Exercise:
Repeat the listing word for word, but skip any pictures.

Supplied material:
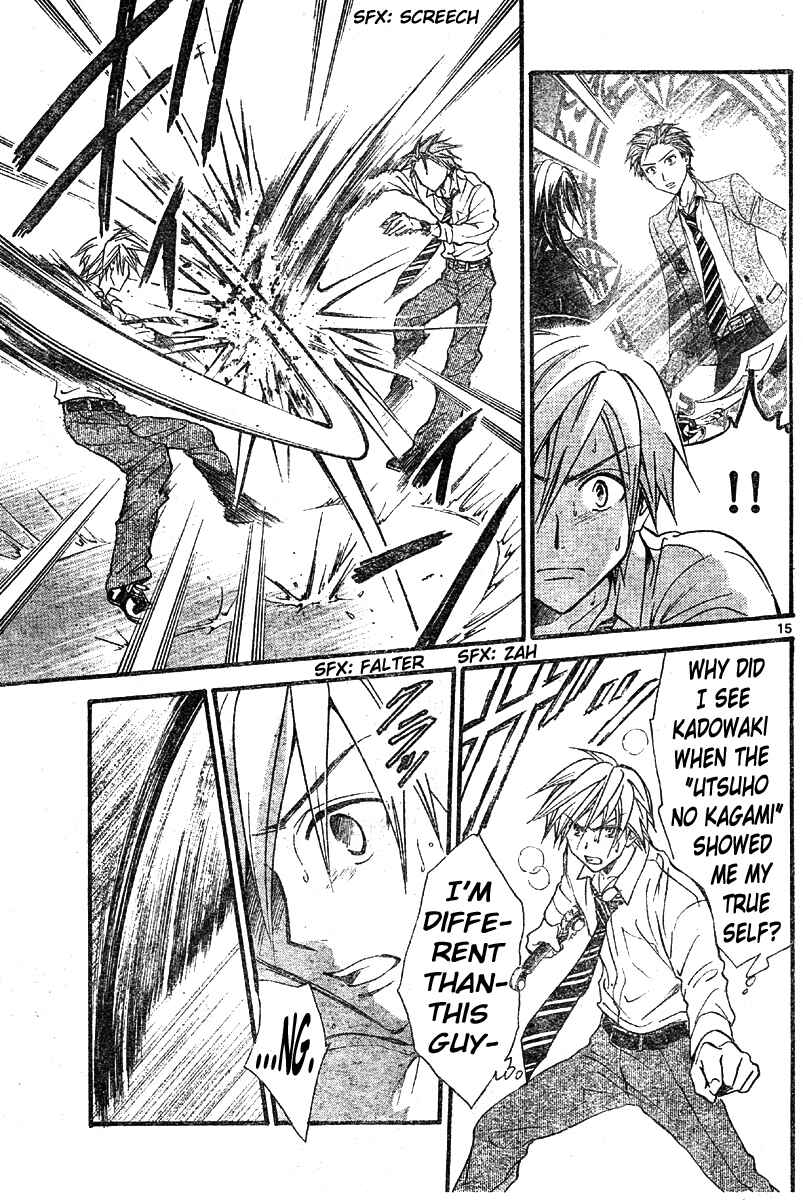 Page 13 Chapter 119 Arata: The Legend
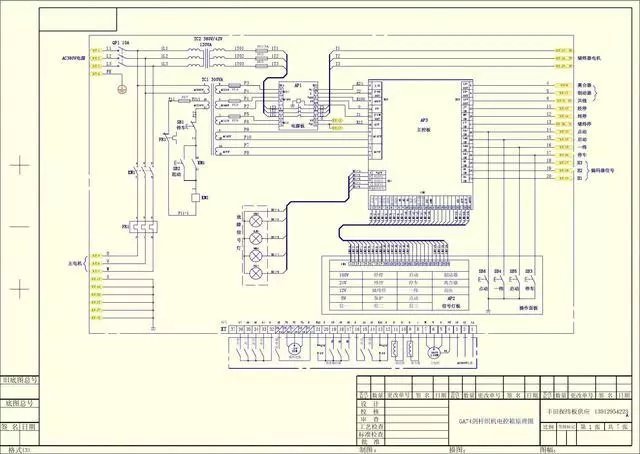 dc1acbcc27f167e71e5188e66950da4a.png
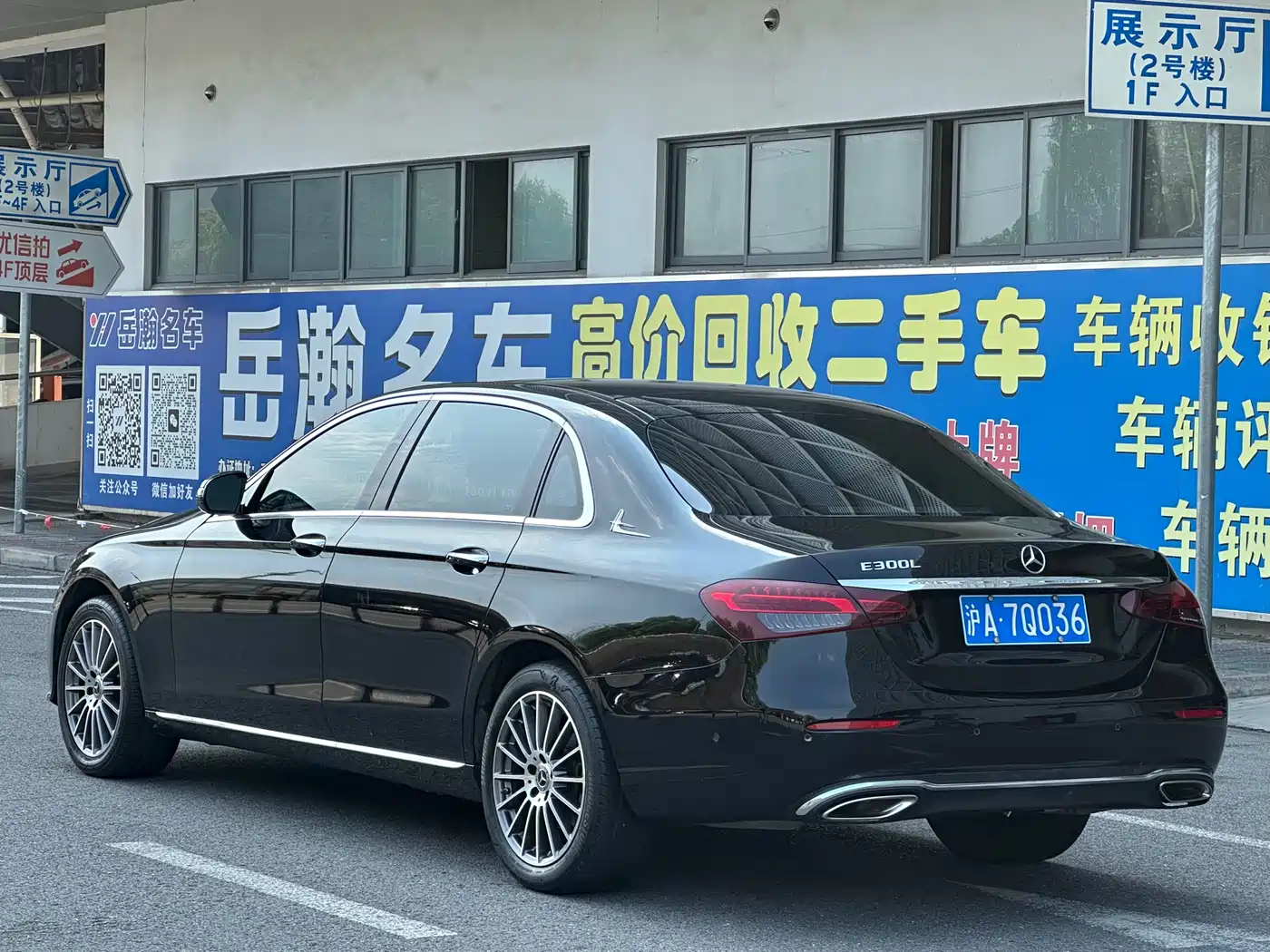 Mercedes-Benz E-Class 2022 E 260 L фото 11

Response below:
 Page 13 Chapter 119 Arata: The Legend
 dc1acbcc27f167e71e5188e66950da4a.png
 Mercedes-Benz E-Class 2022 E 260 L фото 11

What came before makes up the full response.